Effects of silane surface modified alumina nanoparticles on the mechanical, thermomechanical, and ballistic impact performances of epoxy/oxidized UHMWPE composites

Abstract

AbstractIn this study, a new kind of hybrid material was prepared from various amounts of silane surface modified alumina nanoparticles, oxidized ultra high molecular weight polyethylene (UHMWPE) fibers, and epoxy resin. The reinforcing phases were selectively treated to achieve a fully connected network aiming an effective stress transfer between the constituents. The efficiency of the grafting mechanisms was confirmed by Fourier transform infrared spectroscopy (FTIR) and scanning electron microscopy (SEM).
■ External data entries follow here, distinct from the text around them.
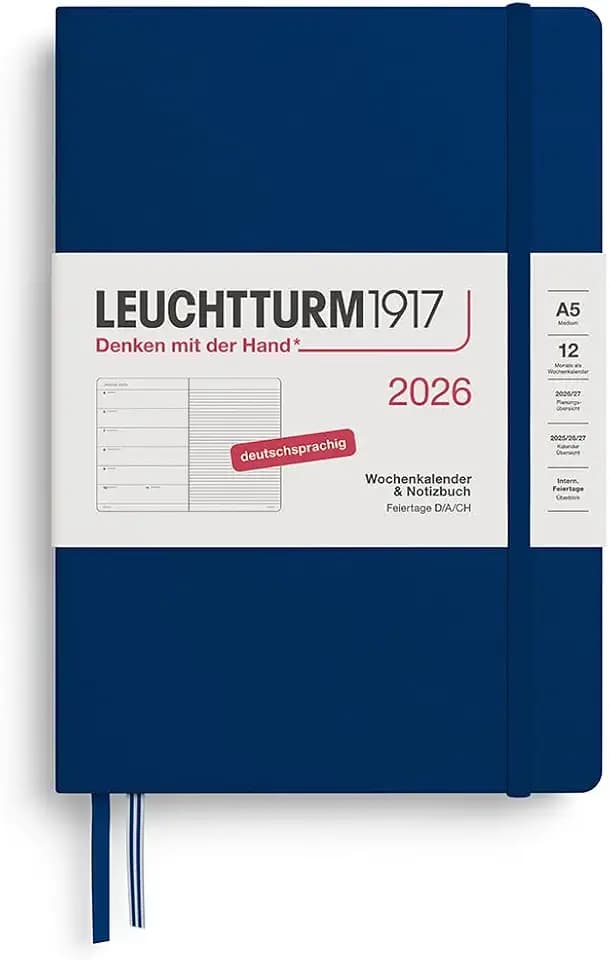 LEUCHTTURM1917 372480 Wochenkalender & Notizbuch Medium (A5) 2026, 12 Monate, Marine, Deutsch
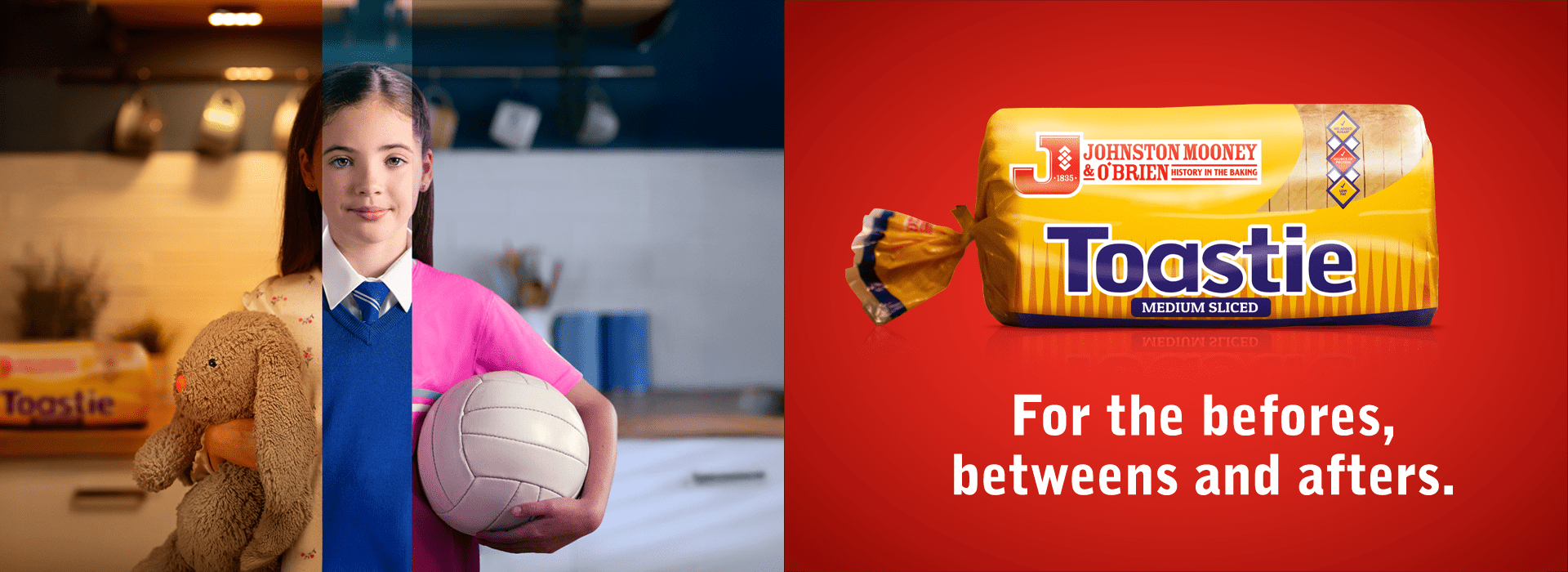 Image of a little girl split up three ways; Bedtime, School & Sports. Loaf of Toastie bread on right with the text 'for the befores, betweens and afters.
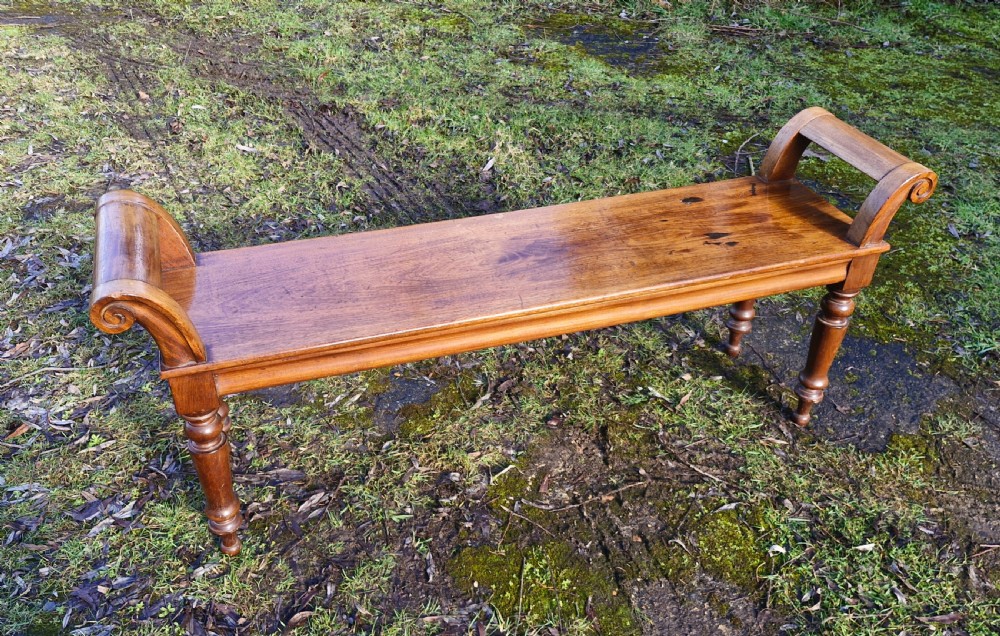 19th century mahogany hall  bench 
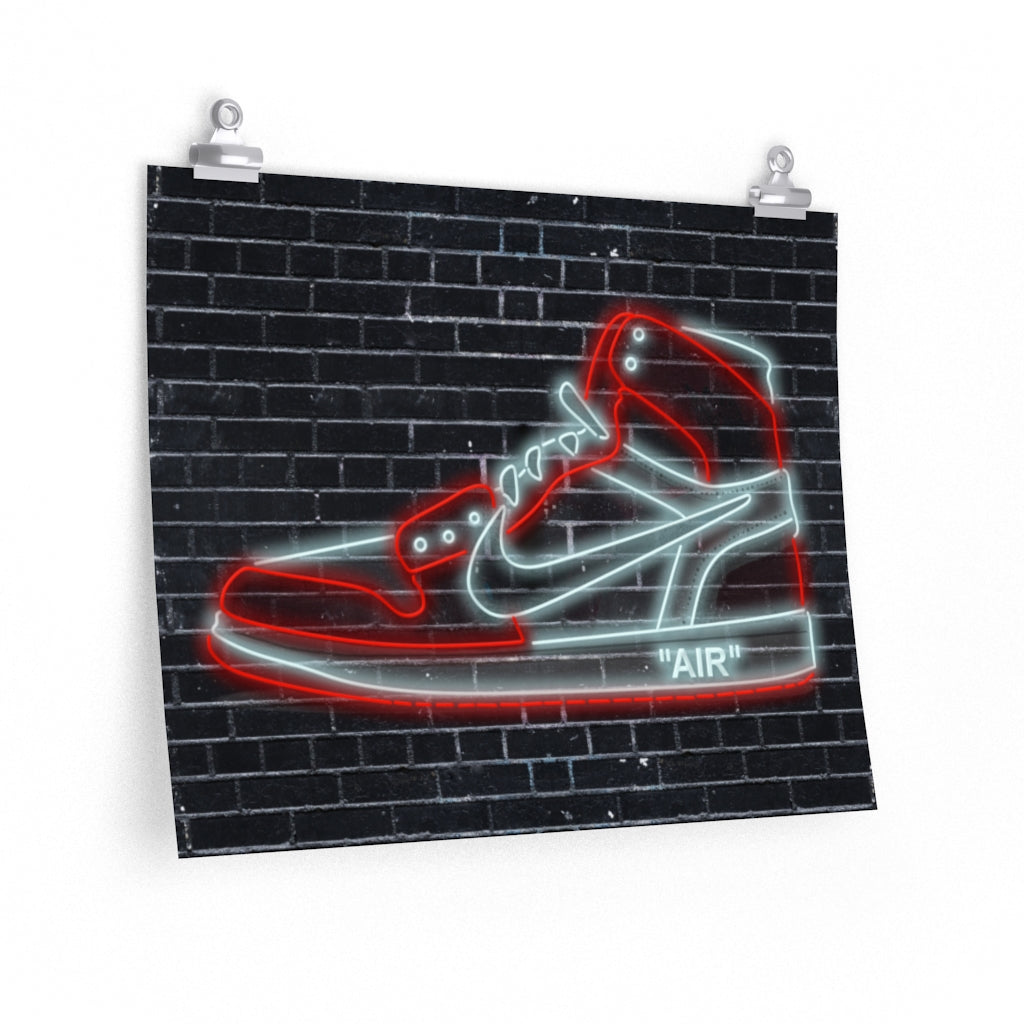 Nike Air Jordans Neon Sneakers Poster - Michael Jordan Wall Art Shoe Art with Nike Sneakers-20″ × 16″-CG Matt-Bootlg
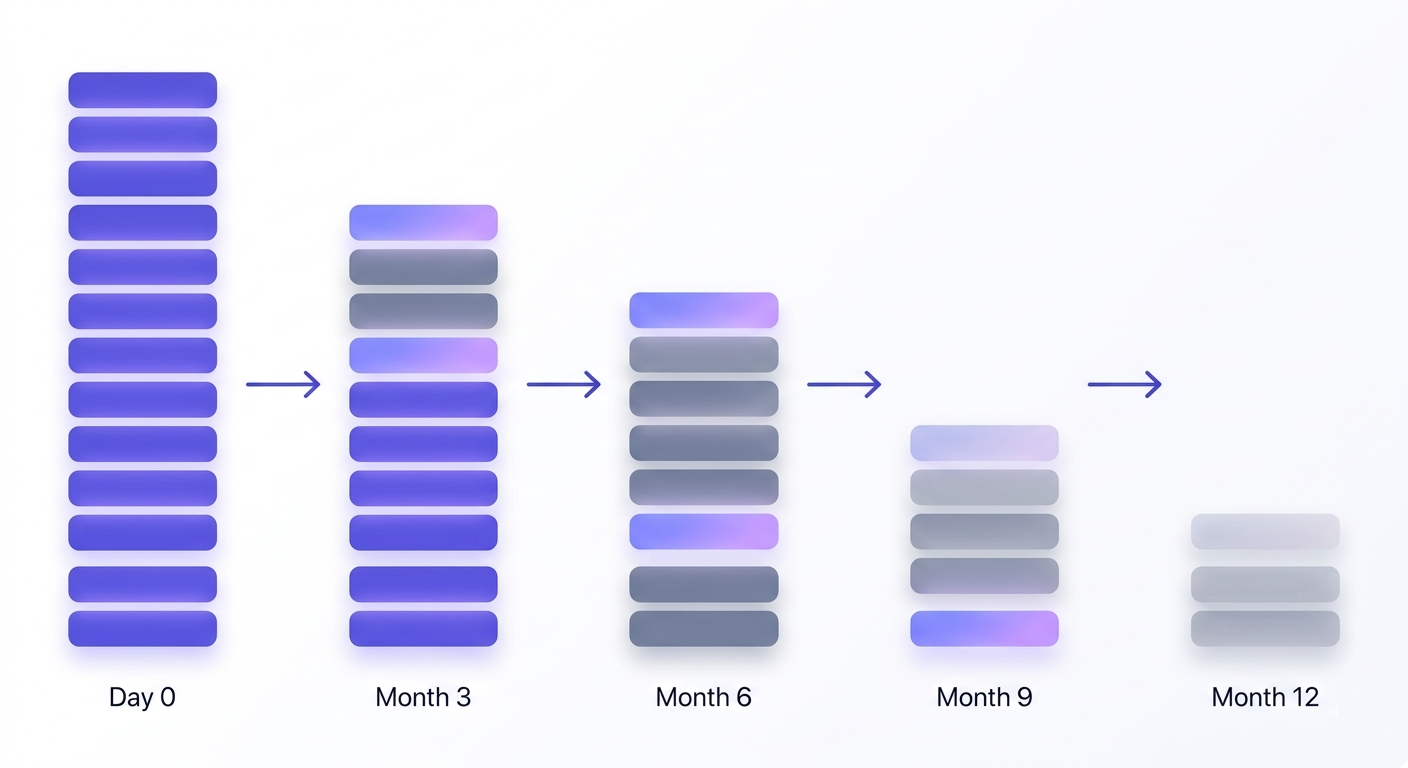 Visualization of email list shrinking from full validity at Day 0 to diminished state at Month 12, shown as stacked address blocks fading over time.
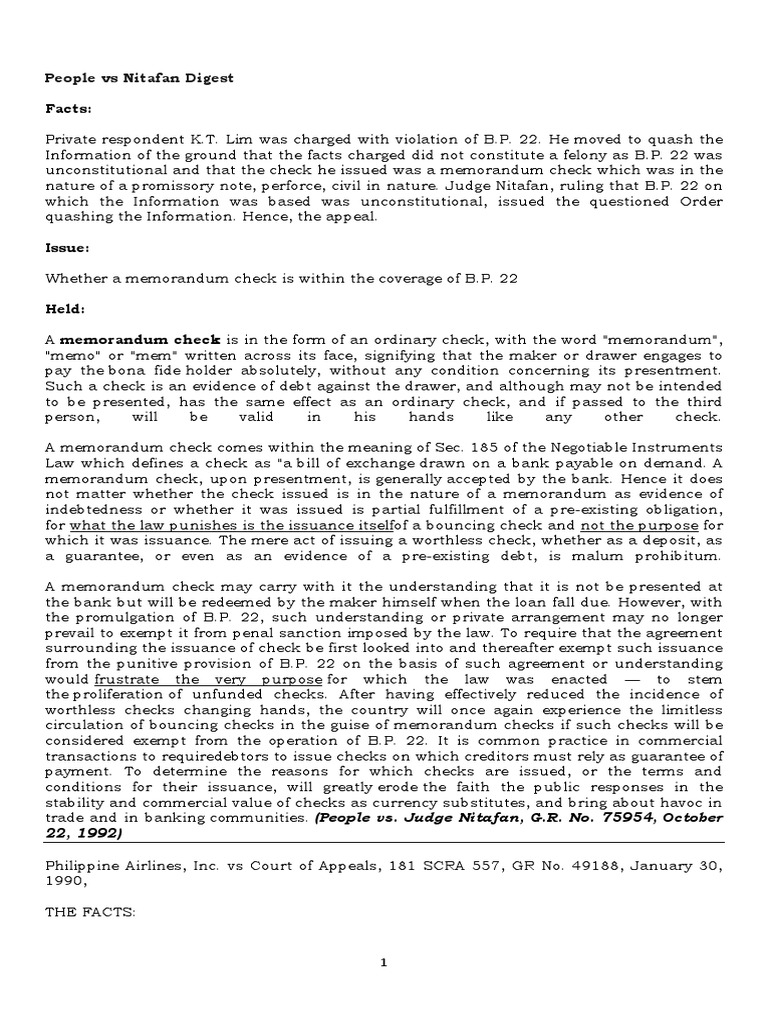 Case Digest (Final Term Nil) PDF Negotiable Instrument Letter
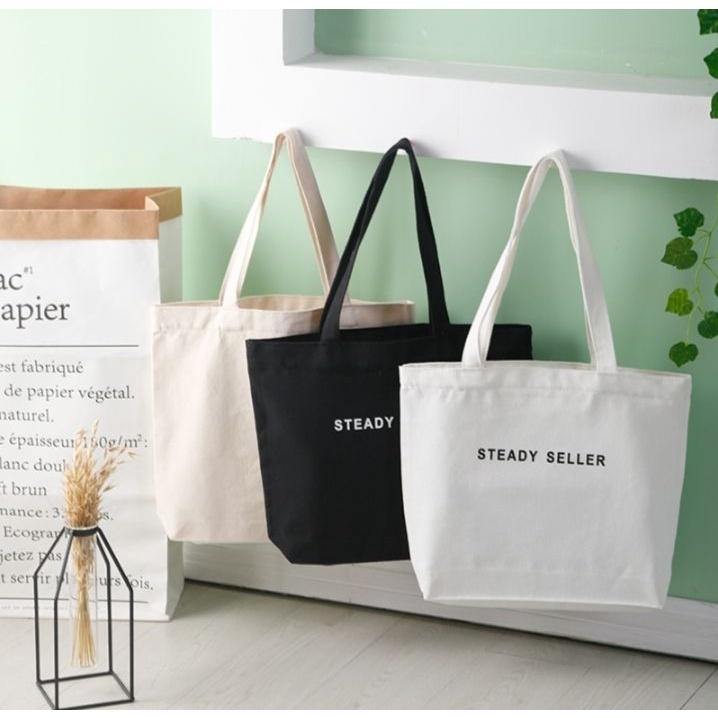 Túi Tote Vuông In Steady Seller TT35 Vải canvas Hàn Quốc có khóa kéo miệng và Túi Mini bên trong - PÉ HEO SHOP - TT35 Vuông Đen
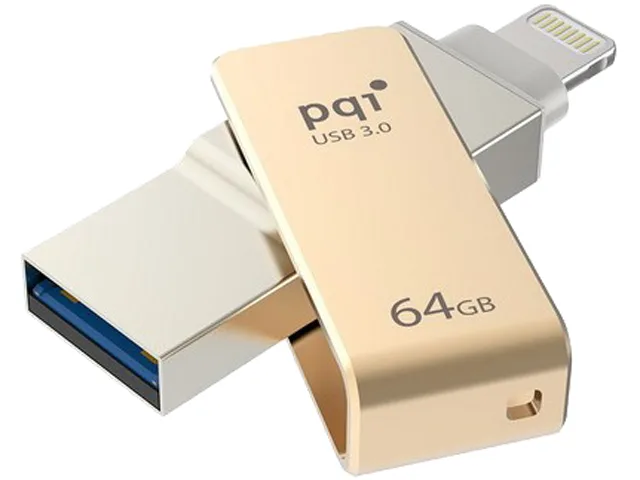 PQI PQI iConnect Mini 64GB USB flash drive Lightning &amp; USB 3.0 Gold 6I04-064GR2001 — product photo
The developed hybrid materials were tested for their mechanical, thermomechanical, and ballistic performances. The mechanical results, namely tensile and bending, confirmed the positive effects of increasing the nanofillers amounts up to 5 wt%. The thermochemical properties analyzed by dynamic mechanical analysis (DMA) revealed consequent improvements in the storage modulus and glass transition temperature upon the addition of the nanophase. In the meantime, the ballistic tests evaluated under the National Institute of Justice standard (NIJ standard‐0101.06‐IIA) also highlighted an improved kinetic energy absorption following the increase in the amounts of the discontinuous phase. Subsequent experimentations precisely quantified the required number of plies for an effective projectile stopping under the chosen standard. Overall, this study unraveled for the first time ever the benefits obtained from a fully connected hybrid network under both static and dynamic loads.